Oops: Teams find unpleasant surprises during demonstrations and reviews, or weeks (or months) after delivery.  Or worse, they aren’t delivering the right thing, the right value.

Context-Conversation-Collaboration: Pain Relief

You may have heard of card-conversation-confirmation, originated by Ron Jeffries and his coauthors. These “3C’s” explain the critical aspects of user stories, a part of the planning cycle.

Borrowing from Ron, we’ve found 3C’s of our own: agile product planning and analysis means attending to context, conversation, and collaboration.  And these practices relieve the 9 pain points we’ve outlined.

Watch the Video

Hear more about our observations of development teams, learn about the underlying principles that we’ve seen work in all kinds of teams, and see how Mary and I integrated them into Discover to Deliver. The link to the video is here. Let us know what you think.
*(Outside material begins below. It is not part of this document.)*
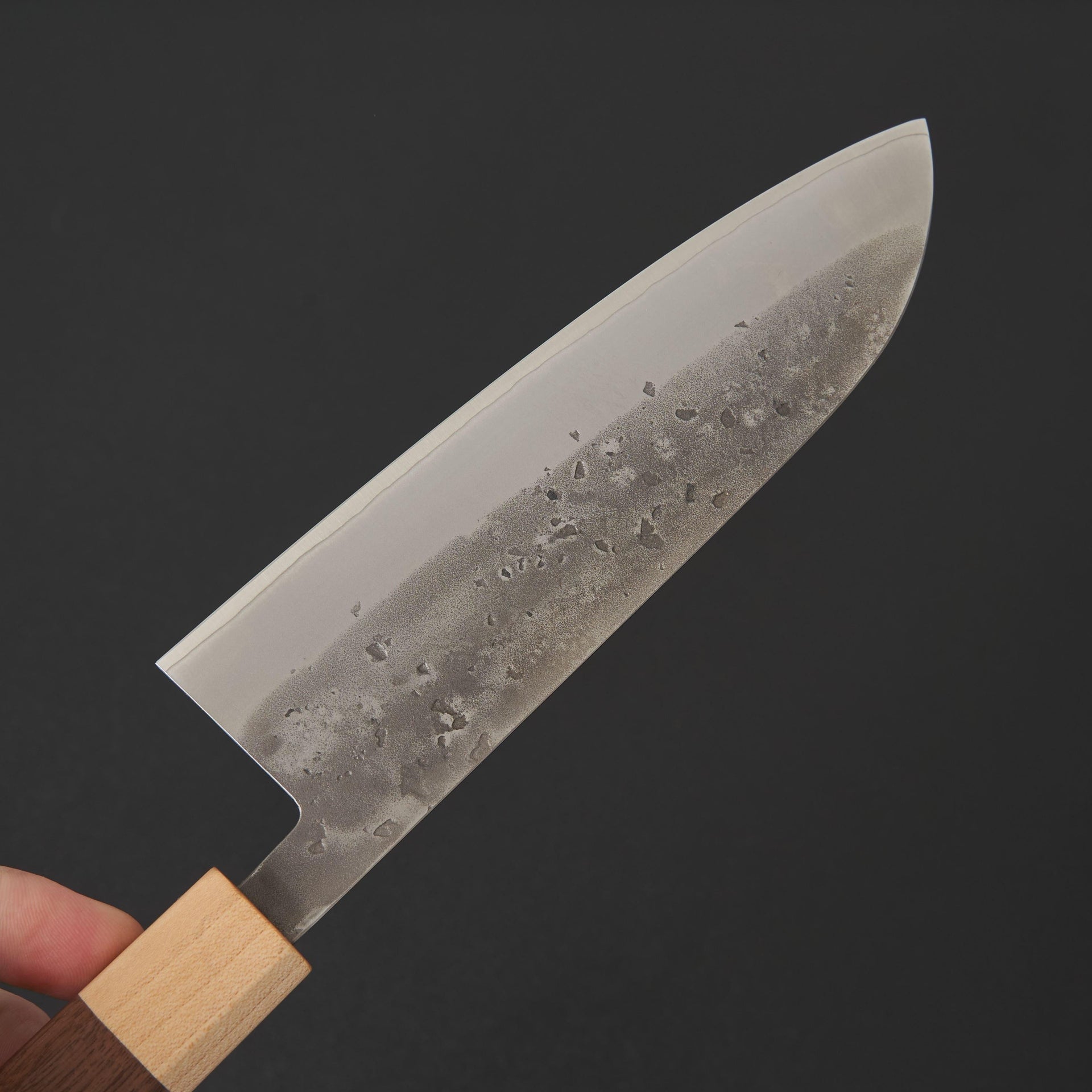 Hitohira TD SLD Nashiji Santoku 165mm Walnut Handle-Knife-Hitohira-Carbon Knife Co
Troubling Truths, Baffling Barriers, and Veritable Vexations

What are your pain points around agile planning and analysis? Share them with us in our reply area, below.

 

2 Responses to “Cure Your Agile Planning and Analysis Blues: The Top 9 Pain Points”
  1. David Buehler

    Ellen, here at Boeing one of the biggest pain points I see recurring with Agile projects is the tendancy to convert to Agile to avoid all the reporting nightmares of the Traditional projects. This leads to some very specious reporting and lack of progress because the change management process has also been thrown out with the bath water. A second pain point is the Program and Portfolio reporting which, by its nature, needs to be somewhat standardized. So Agile projects increasingly take on Traditional Reporting to meet those requirements and it further hybridizes the Agile implementation.

  2. Karen

    Great list! I have one more to round it out to a list of ten. Meddlesome or Micro Management. When product owners aren’t fully empowered to make decisions and/or when development managers insert work into the sprint.